The most remarkable feature of the HECS hoax
It is nonsensical that the government plans to scrap incentives encouraging students to pay tuition upfront.
Ninety 90 per cent of undergraduates drift, lemming-like, into so-called HECS debt. But should they?
With the budget looming, the Parliamentary Budget Office has timed to perfection the release of a report that shows the serious escalation of student debt is about to rocket if an ever-widening menu of courses are continually allowed into the HECS-HELP system.
Paradoxically, there is also the genuine fear that if university fees are deregulated then many courses will become much more expensive and, in turn, student debt in relation to those courses will blow out further.
The figures are remarkable. There are four million students out there with HECS debt of $7.8 billion. Government estimates are that one dollar in five of that money will never be repaid. Moreover, it is forecast that the total value of the HECS-HELP program could blow out to $180bn in a decade.
It is worth noting that, although the Turnbull government has managed to make few significant budget reforms, the Abbott government did manage to get initial changes to the HECS system into the last budget: until recently, students did not have to repay their HECS debts while overseas; from July 1 next year, they will have to pay under a new formula. So, in a tangible fashion, the ground has been set for change on May 3.
The most likely change — and most effective, according to a report from the Grattan Institute’s Andrew Horton — is to reduce the income threshold at which citizens must start repaying HECS debts. At present, the threshold is set reasonably high at $54,156. The Grattan Institute suggests that if this drops to $42,000 the government will bring in $500 million a year extra.
Education Minister Simon Birmingham has been publicly testing the waters on making such a change. Separately, the head of the government’s Higher Education Standards Panel, Peter Shergold, has raised the notion that family income — not just the specific income of the student — could be included in the assessment criteria.
Here’s the thing: the $54,000 threshold is way out of line when set against comparable economies. In Britain the figure (currency adjusted) is $42,000 (no coincidence this is what the Grattan Institute has recommended) and in New Zealand it is $18,000.
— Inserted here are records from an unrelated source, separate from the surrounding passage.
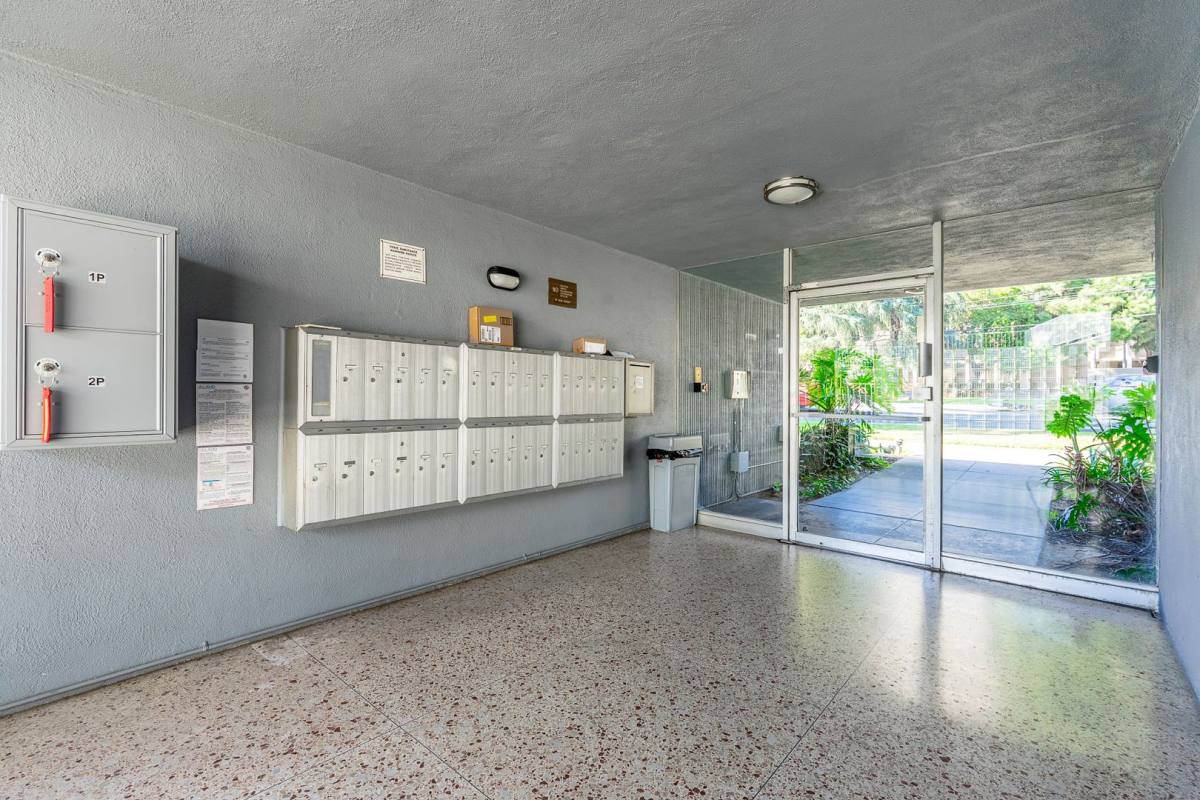 Apartment for rent at 4402 Los Feliz Blvd, Los Angeles, CA 90027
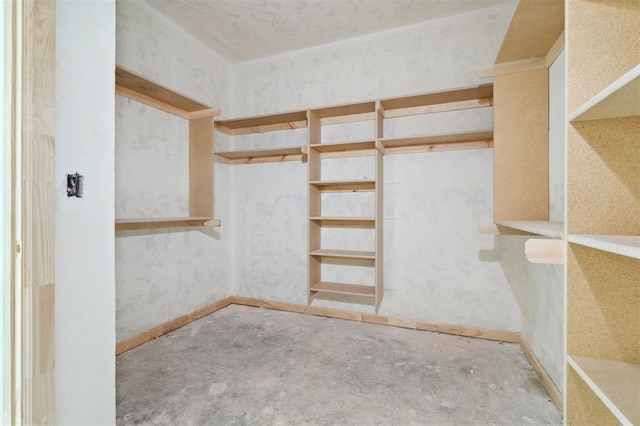 41364 Hazel Dell Rd, Shawnee, OK 74804 - view of spacious closet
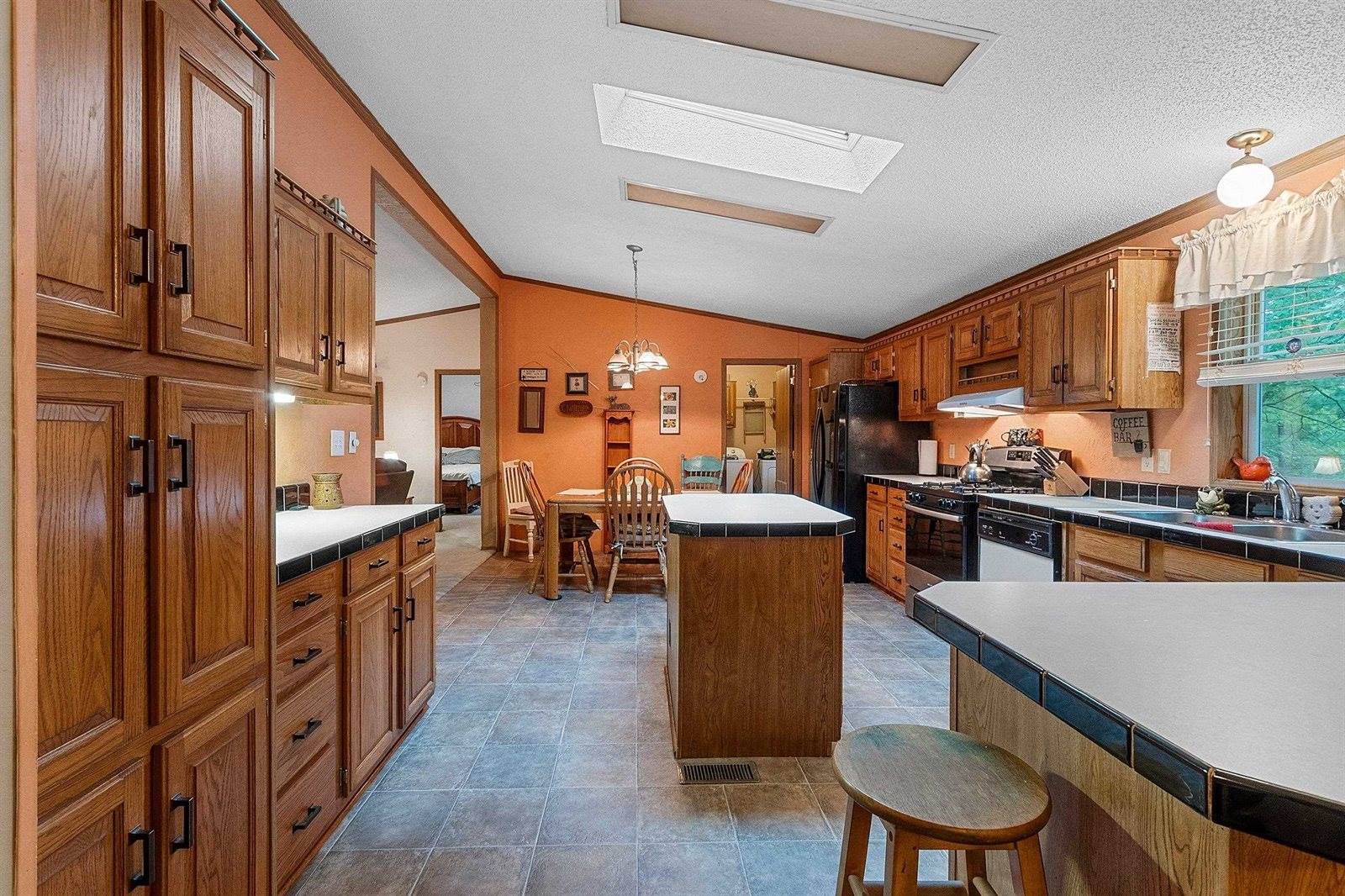 W12443 Senator Lake Lane, Crivitz, WI 54114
Does a lower threshold work? You bet it does.
New Zealand’s student loan system is 75 per cent internally refinanced. In Australia, the figure is 25 per cent. Put crudely, New Zealand is three times better for the budget bottom line.
Would a lower threshold penalise anyone in particular?
Yes, it would penalise those who make between $42,000 and $54,000, which is considerably lower than the average industrial wage of about $80,000.
That’s the big picture, but for most investors the issue is this: Those — or their family members — who face third-level fees confront a personal finance conundrum when offered “soft” HECS loans at around 2.5 per cent. With the finance costs half the price of a home loan, how could anyone resist? Here’s why:
● Because it is miserable to set out in life with debt, even if it is a soft debt, and if it can be avoided it should be.
● Because 2 per cent loans are an anomaly, they might spike much higher in the future — note the PBO uses a bond rate of 6 per cent in its estimations. In other words, the amount you owe in interest could at least triple if rates go back to “normal”.
From a wealth management perspective, the most remarkable feature of the debate over student debt is the absence of any incentive to pay the fees upfront or even to pay the debt off quickly — every other loan in your life has incentives to do so.
Why does HECS lack this feature? Back in 2005, if you paid your undergraduate fees upfront you got a big, fat discount of 25 per cent; it fell to 20 per cent in 2012 and is 10 per cent today. It is due to be scrapped in 2017 — which is daft. The reason for scrapping them is because there is insufficient evidence that people respond to discounting.
Honestly, what nonsense.
People respond in every other field of expense — even from the very limited evidence of private third-level institutions it has been shown that fee discounts translate into higher repayment levels, and this is a tiny, unrepresentative (and no doubt richer) slice of the population.
If you want to make the system work, cut the threshold, make it attractive to pay upfront, give us a discount and start again.
It is an extraordinary feature of wealth management in Australia that millions will pay inflated prices for private schools, but will just as quickly lump their kids with third-level education debt.